La juridiction de renvoi précise que de nombreux juges de sądy rejonowe (tribunaux d’arrondissement) ne participent plus à ces concours en dépit de leur grande expérience, au motif que la procédure de nomination des juges des juridictions de droit commun n’est plus conforme à la Constitution, notamment, en raison du fait que les décisions de la KRS, qui est devenue hautement politisée, ne sont plus fondées sur des critères objectifs et favorisent les candidats soutenus par les présidents de
juridictions, lesquels ont été nommés par le ministre de la Justice.

44 Le Kolegium Sądu Okręgowego w Krakowie (collège du tribunal régional de Cracovie, Pologne) a donné son avis sur la candidature de la juge A. T. lors d’une audience du 1er juin 2020.

45 La juridiction de renvoi indique, à cet égard, que la majorité des membres de ce collège sont des présidents du Sąd Okręgowy w Krakowie (tribunal régional de Cracovie) ainsi que de sądy rejonowe (tribunaux d’arrondissement), dont la nomination est directement influencée par le ministre de la Justice. Elle ajoute que la candidature de la juge A. T. n’a pas été soumise à l’avis de l’assemblée générale des juges du Sąd Okręgowy w Krakowie (tribunal régional de Cracovie), étant donné que le
législateur polonais a éliminé toute influence réelle de l’autorégulation judiciaire sur le processus de nomination des juges en Pologne. En effet, à compter du 14 février 2020 et, en particulier, à la suite de l’entrée en vigueur, après modification, de l’article 58 de la loi sur les juridictions de droit commun, l’avis de cette assemblée n’est plus requis.

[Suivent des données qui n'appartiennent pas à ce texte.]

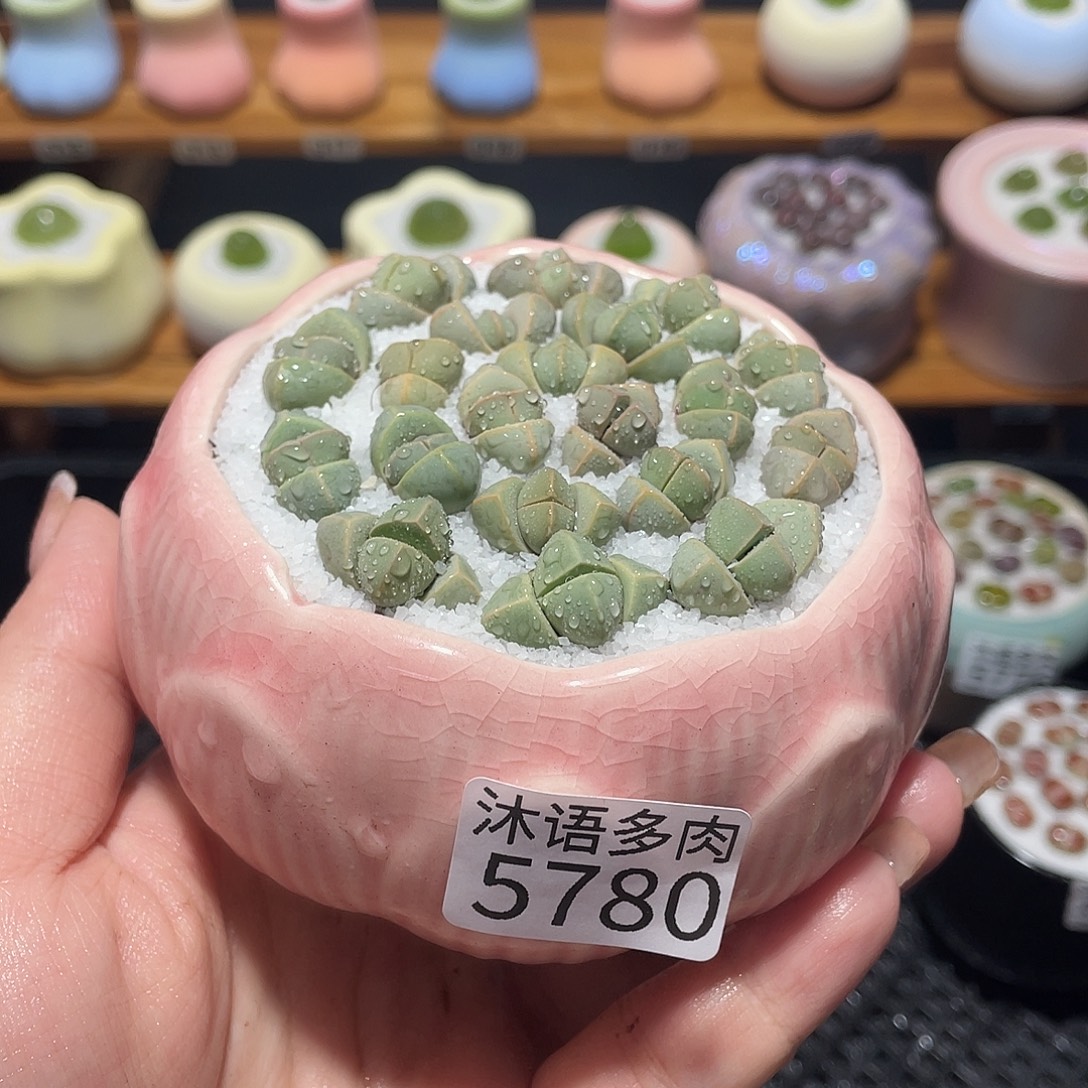 带盆土植物 一物一拍5780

46 Le 7 juillet 2020, la KRS a adopté une résolution recommandant la nomination de la juge A. T. au poste de juge au Sąd Okręgowy w Krakowie (tribunal régional de Cracovie). Le 4 février 2021, le président de la République de Pologne a procédé à cette nomination.

47 Les circonstances de ladite nomination conduisent la juridiction de renvoi à éprouver des doutes quant à la conformité au droit de l’Union de la composition de la formation de jugement à trois juges, mentionnée au point 42 du présent arrêt, qui a statué sur la réclamation de la banque formée contre son ordonnance du 9 octobre 2020 et, par suite, quant à la validité de la décision adoptée par cette formation de jugement. Cette juridiction se demande, dans ce contexte, si elle est liée par
l’ordonnance de cette formation de jugement qui a annulé les mesures conservatoires qu’elle avait prononcées ou si une nouvelle formation de jugement, ne comprenant pas la juge A. T., devrait être désignée selon le système d’attribution aléatoire des affaires pour réexaminer cette réclamation.

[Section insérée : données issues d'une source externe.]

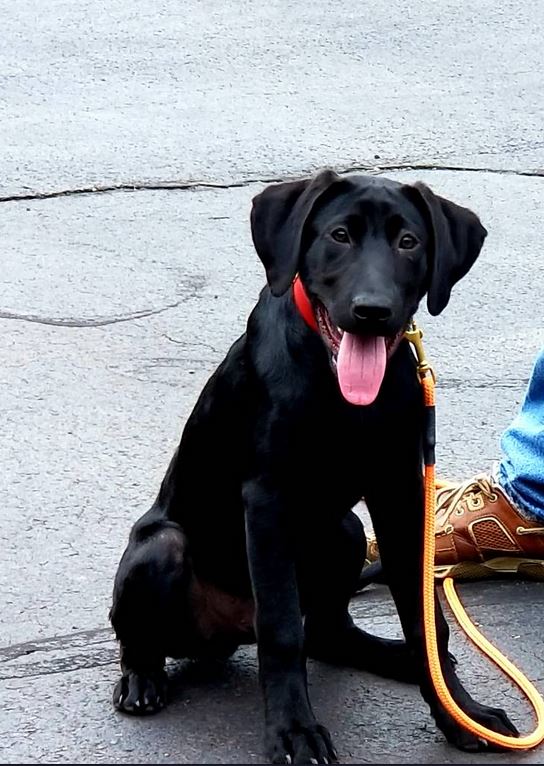 GoldretrieverUS's tweet photo. @hankmcneil Art in the truest sense of the word. Retriever Art
Watermarks Black Gold-- child of the "Lord of the Bloodlines" sends his regards. One amazing puppy! #PikexKat #RetrieverNetwork #HillmannNetwork https://t.co/bIXWDefp7n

Les motifs des renvois préjudiciels et les questions posées dans les affaires C‑181/21 et C‑269/21

48 Les juridictions de renvoi observent, en substance, que, à la différence d’autres affaires dont la Cour a été saisie jusqu’à présent, les affaires C‑181/21 et C‑269/21 concernent des nominations à des postes de juge au sein de juridictions de droit commun, et non au sein du Sąd Najwyższy (Cour suprême).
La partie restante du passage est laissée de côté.